LIFESTYLE → RECIPES Issue 877 · September 9, 2021

Double Duty Red Wine Barbecue Sauce

Double Duty Red Wine Barbecue Sauce


Props and styling by Goldie Stern
Photography by Felicia Perretti

I love when you can make one sauce that can be used on ribs, roasts, and chicken. It makes prep so much simpler!
SERVES APPROXIMATELY 4–6

  • 2 lb (1 kg) short ribs or
  • 2 lb (1 kg) lollipop chicken legs

 

  • 2 Tbsp oil
  • 2 onions, thinly sliced
  • 6 cloves garlic, minced
  • 4 Tbsp flour, divided
  • 1 bottle Pure Food by Estée Red Wine Barbecue Sauce, or make the sauce below
Red Wine Barbecue Sauce
  • 6 Tbsp tomato paste
  • 4 Tbsp red wine
  • 2 Tbsp mustard
  • 4 Tbsp honey
  • 4 Tbsp barbecue sauce
  • 1½ Tbsp soy sauce
  • 1 Tbsp cracked black pepper (see note)

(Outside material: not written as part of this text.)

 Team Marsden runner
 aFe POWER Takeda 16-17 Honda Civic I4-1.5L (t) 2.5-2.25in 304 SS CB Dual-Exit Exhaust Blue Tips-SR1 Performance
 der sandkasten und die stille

Pour oil into the bottom of a pan. Add onions and garlic and toss with 2 Tbsp flour.

For ribs: Coat ribs with 2 Tbsp flour. Pour Red Wine Barbecue Sauce over the ribs. Cover the pan well and cook on 325°F (160°C) for 1½–2 hours (depending on the size of the ribs). Uncover and spoon the sauce over the meat. Add 2–3 Tbsp water if it’s dry.